I almost think that the audience cares more about track selection and the musical vibe that a DJ is playing compared to just pure mixing ability alone.
You can get better at track selection by understanding your audience first. Here are some ideas to get better at track selection:
- Playing live a lot and DJing music loads within your “genre” to get a feel for the music.
- Asking the club manager what sort of vibe is going well.
- Asking the wedding or party organiser for song ideas before playing the set.
- Having a good mix of new releases and sure fire classic tracks that will get the crowd going.
- Having a mixture of vocal and non-vocal tracks. I’m a true believer in that some people listen and vibe off of music by either the lyrics alone or the music instrumental sounds alone. Track selection can help you cater for both needs.
If you’re an open format DJ then overtime I’d imagine play a lot of gigs will help you understand track selection better. This would apply to wedding DJ as well as mobile party DJs. There will likely be some “go-to” tracks that really work well with these sorts of audiences.
But having said that it’s not always necessary to play loads of gigs to get good at track selection. If you’ve got a good understanding of musical rhythm and song structure then you should be ok.
Rhythm and energy is always a factor in the tracks that put together in my DJ sets. You can really benefit by focussing on getting the energy transition right between all of your tracks. This is where you can help take your audience on a journey.
For example it’s possible to get the energy wrong by mixing a track with another track if the kick drum is weaker. Sometimes it just doesn’t sound right and the energy just flops.
Musical sections and phrases are important to know as a DJ as it will allow you to know which tracks work well together in transition of eachother.
For example the end of track might work really well with the first breakdown/build of another.
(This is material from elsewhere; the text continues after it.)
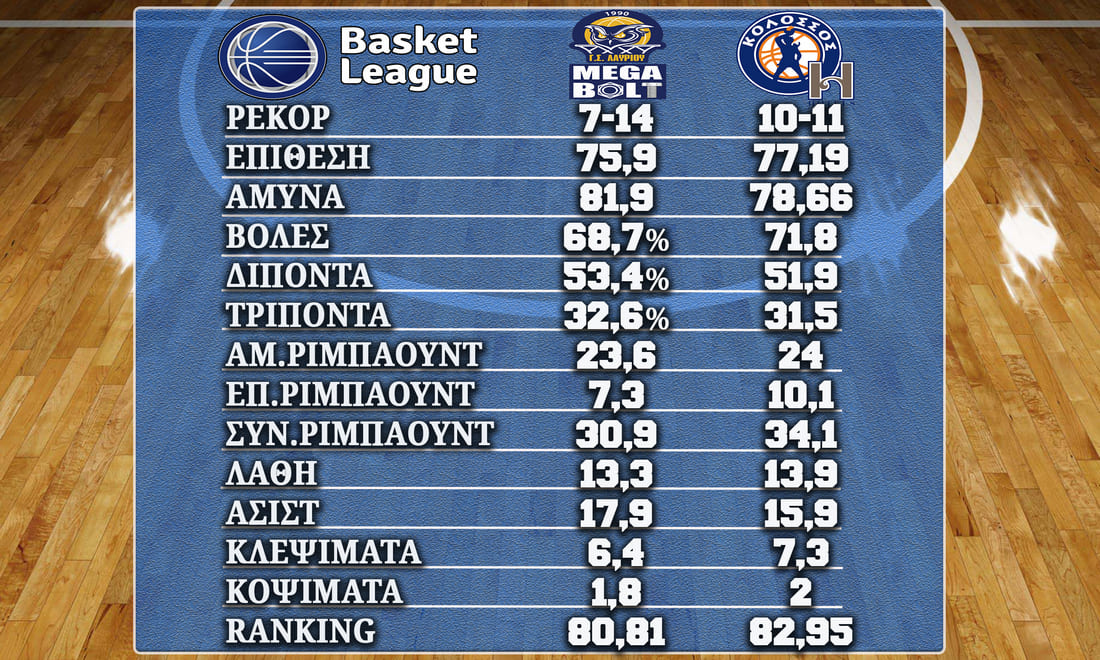 Lavrio Kolossos%20080423 Stats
Or two tracks might work really well together mixing the chorus of one and intro another.
Final point on this one!
Tip: Get to know your music collection inside out and it will certainly allow you to mix better in front of an audience that you’ve got to know well, or are getting to know better in real-time when you’re DJing.
2. Harmonic mixing (mixing in key)
This tip works hand in hand with the previous tip of track selection, so definitely take this on board and combine the two tips together. You’ll become unstoppable as a DJ when crafting track selection and consider the key of each track.
Some people have an ear for music and can hear which tracks work well together from musical harmony point of view.
But fear not! You don’t have to build up a natural ear for hearing which tracks work well together.
There are two ways to do this that I can vouch for to save you time.
DJ software, such as Rekordbox which is what I currently use, can help highlight the key of the next compatible track in the playlist of your music collection. The software does this by highlighting tracks in bright green which are compatible with the current tracks playing live.
On the other hand you can get ‘Mixed in Key’ which is another software that syncs with DJ software to help highlight key compatibility of songs harmonically and also energy.
Mixed in Key assigns an energy level score out of 10 allowing you to pick which ever song would work best to mix into. Here’s the harmonic mixing guide here for more info.
3. Start strong and end strong in your DJ sets
The most memorable moments in DJ sets are at the beginning and at the end. You could argue a few banging stand out tracks in the middle of the DJ set play a part in this too, however beginning and end of the set is the most stand out in people’s minds.
Starting strong with a DJ set can really depend on your genre and who you are playing to.
I like playing a high energy House track at the beginning of my House DJ sets and then taper it down a bit.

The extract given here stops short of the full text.